«Старую газету», в силу сложившихся исторических обстоятельств, финансировали люди, много лет назад решительно отодвинутые от кормила власти, что, в основном, и определяло ее вечную оппозиционную линию. Кроме того, почтенное издание прикармливали некоторые из обладателей крупных капиталов, пребывавшие в трогательном симбиозе с существующим режимом, но считавшие очень удобным иметь под рукою эдакий небольшой инструментик, неприятными уколами которого можно давать знать правящей камарилье о своем недовольстве и напоминать ей ту неприятную истину, что все на свете имеет свой конец. С помощью этого же механизма запускались разного рода пробные информационные шары в случаях, когда через официозы делать это было неловко. Несмотря на раздражение, которое доставляли властям наскоки «Старой газеты «, ее, тем не менее, терпели, поскольку она, а также еще несколько подобных, но более мелких изданий, прибавляли респектабельности демократической облицовке политического фасада страны. Даже в годы Стиллеровского правления «Старую газету» официально никогда не закрывали, хотя она и пережила несколько погромов со стороны патриотически настроенных граждан. Так что, хотел того кто-то или не хотел, но рупор оппозиции в конечном итоге также работал на систему. Это, кстати, вполне отвечало «теории балансов», которую исповедовал руководитель Пятого департамента ФБГБ Ксант Авади, не говоря уже о том, что сообщество «единомышленников», сложившееся вокруг редакции, представляло из себя удобнейший портал для засылки в ряды оппозиции любого количества агентов или провокаторов.
Подход к Острихсу через Альгему представлялся очень естественным. Она хотя и не входила в близкий круг Чужого, но постоянно вращалась рядом и была хорошо знакома с большинством из тех, кто это окружение составлял.
Еще года полтора назад редакция Старой газеты дала напористой журналистке задание войти в контакт с Острихсом Глэдди, который, судя по всему, в течение короткого времени должен был превратиться в регулярный источник политических сенсаций. Держать поблизости от него своего корреспондента представлялось очень перспективным. Надо сказать, что подобная мудрая мысль пришла в головы многих газетчиков, но провернуть дело с должным тактом и добиться относительного успеха из всех соискателей смогла только Альгема.
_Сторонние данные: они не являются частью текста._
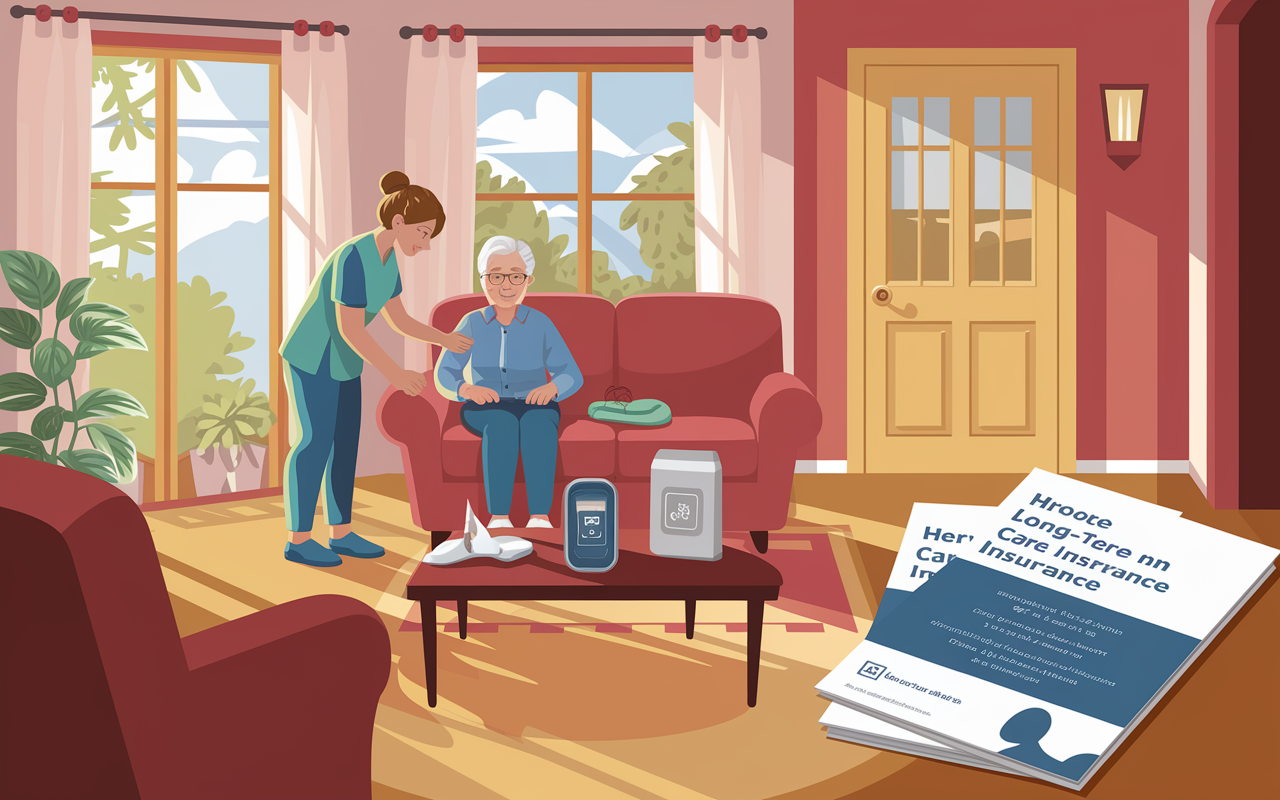 An engaging illustration depicting an older adult receiving care in a warm, inviting home environment, emphasizing the importance of long-term care insurance. The caregiver is assisting with daily tasks while bright sunlight streams through the windows. The scene showcases various supportive items like a medical alert device and a brochure about long-term care insurance laid on a coffee table, symbolizing the need for preparation and assurance.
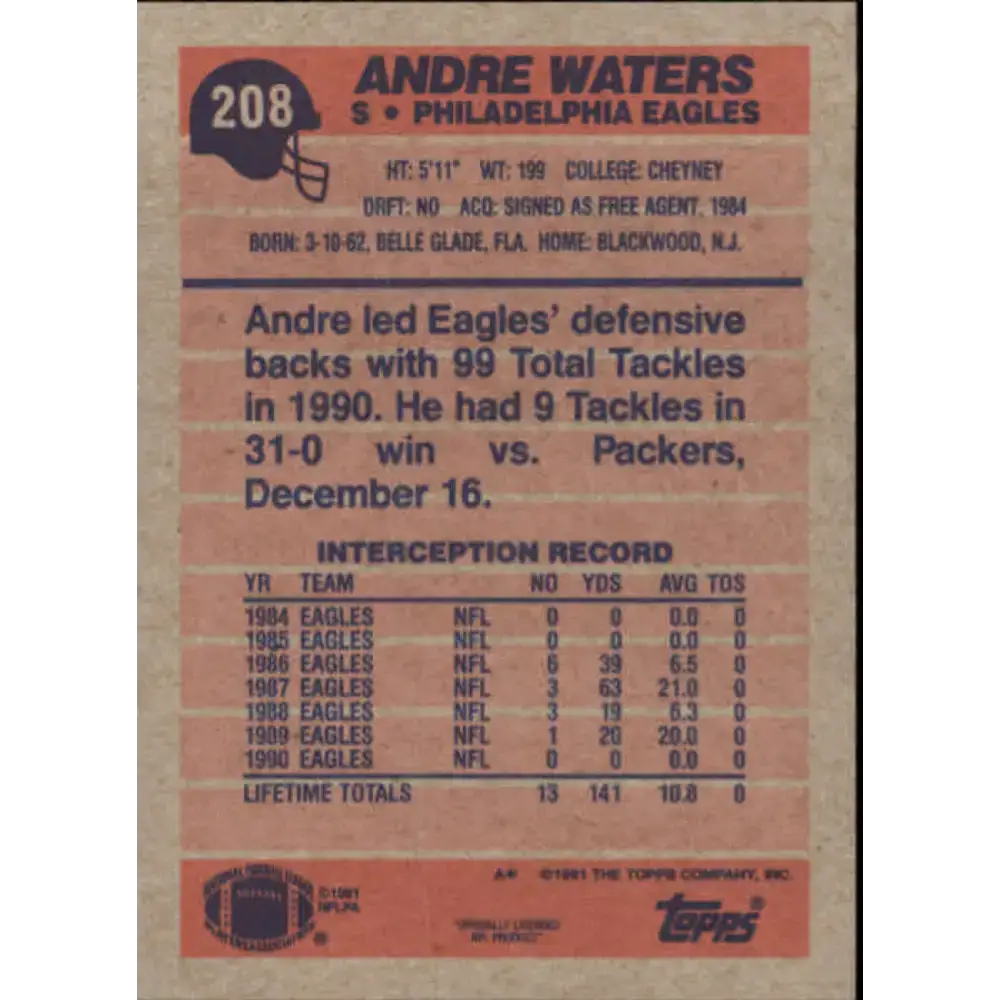 1991 Topps #208 Andre Waters NM-MT Philadelphia Eagles Football Card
Основная проблема состояла в том, что Острихс явно недолюбливал журналистов. Корни этой неприязни, скорее всего, находились в том самом теперь уже далеком дне, когда его вызвали к судебному следователю в качестве свидетеля по делу об убийстве Хаардика Фантеса. Он так и не мог забыть хамской атаки банды репортеров, напавшей на него после допроса. Не складывались отношения с этими ребятами и после его возвращения на родину. Журналисты ведь тоже недолюбливают людей, которые, с одной стороны, представляют известный общественный интерес, а с другой, — подчеркнуто избегают контактов с прессой, лишая их основной профессиональной пищи — информации. Здесь для газетчика кроется очевидная опасность остаться уже без самого, что ни на есть, хлеба насущного. Кому же это понравится? К счастью, существует известный метод: если фактов не хватает, их додумывают или просто сочиняют. Если объект репортерского внимания сам не дает о себе сведений, можно в ходе «журналистского расследования» насобирать циркулирующих вокруг него отрывочных слухов, в просторечии именуемых сплетнями, натаскать мелких бытовых деталей и раздуть все это в знаковые события… А то еще коронный номер — беззастенчивое выдирание из контекста и произвольная интерпретация любого неосторожно сказанного слова…
Острихс не собирался штурмовать никакие политические вершины и поэтому не считал нужным специально заботиться о поддержании по отношению к себе лояльности прессы, однако, как человек вполне обыкновенной душевной организации, не мог совершенно безразлично относиться к полувранью, вранью и дикому вранью, которое сплошь и рядом публиковалась о нем в средствах массовой информации. Все это заставляло его относиться с еще большей подозрительностью к людям, проявлявшим к нему профессиональный журналистский интерес.
Альгема приложила массу такта, психологической тонкости и терпения, чтобы Острихс для начала хотя бы перестал от нее шарахаться, как от зачумленной. Для этого она задвинула свои обычные профессиональные приемы в дальний угол, не гонясь за скорейшей выдачей на гора материала для печати, перешла к долгой и планомерной осаде. Редактор ее не торопил, так как тоже понимал стратегическое преимущество в случае, если его корреспонденту удастся стать для Острихса более или менее своим человеком.